CNN Learning Transfer

The principle is easy: optimize and accelerate the learning of a convolution network model by training specific layers, transfer them to a deeper model and iterate. It is also useful when a model is not deep enough to get a satisfying performance. You can build a deeper model, and transfer parameters of the first common layers to partially benefit from the training of the first model.

This is relevant when the compute capacity gets insufficient compared to the needs. Cloud GPUS are a good solution but you always reach a limit and it is at some point beyond your budget...
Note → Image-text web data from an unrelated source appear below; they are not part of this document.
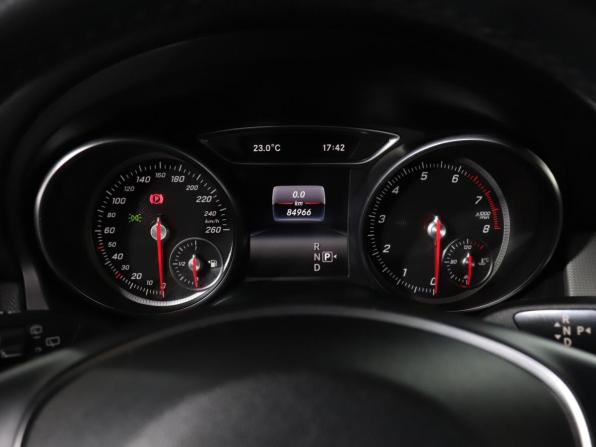 Mercedes-Benz GLA I (X156) Рестайлинг с пробегом 2019 года, цена 2 249 000 рублей, 84500 км, внедорожник, Автокод Объявления
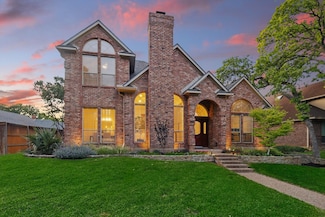 3034 Creekview Dr, Grapevine, TX 76051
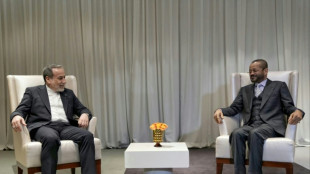 EUA e Ir&atilde; negociam na Su&iacute;&ccedil;a entre press&otilde;es militares e amea&ccedil;as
Standard learning transfer: The usual principle of learning transfer in neural networks is well known: you find an existing model with structure and parameters, let's say VGG16, Inception or MobileNet. You adjust the last layer and the output properly to fit your business case, re-initialize the parameters of the modified layers, then retrain the network and get very quickly an effective model.

The objective of this project is different. The idea is to use learning transfer to accelerate the learning of an hand-made model.

TODO

Fix the scripts! After many changes and experimentation, the scripts are a bit broken...
Add graphics about model performance evolution

Typical NN Model building

So you build a model, train it, and the model accuracy reaches a plateau. You train over many epochs, again and again, the training accuracy dance around 90% and the validation accuracy around 80%. The model structure is clearly not good enough and you want to make the model deeper. If you make it right, it will stabilize at a higher level than the current model, right.

So you add a few layers, add a dropout or two just in case, start the training again, and the accuracy starts from 55% and increases progressively, sometimes during a few epochs. It's not yet there, you make more modifications, train the model again starting from a lousy performance until an accuracy plateau (if your new model is not broken => back to the drawing board!) and repeat until you get satisfying results.

All this takes time. A way to go much faster is by transferring parameters of the first common layers to boost the new model with the training of the previous model. It works if you can copy these parameters layer by layer. As a result, the new model gets from the start a good accuracy and reaches a new plateau much faster (hopefully higher...), as it does not have to re-learn the basic convolution filters from scratch.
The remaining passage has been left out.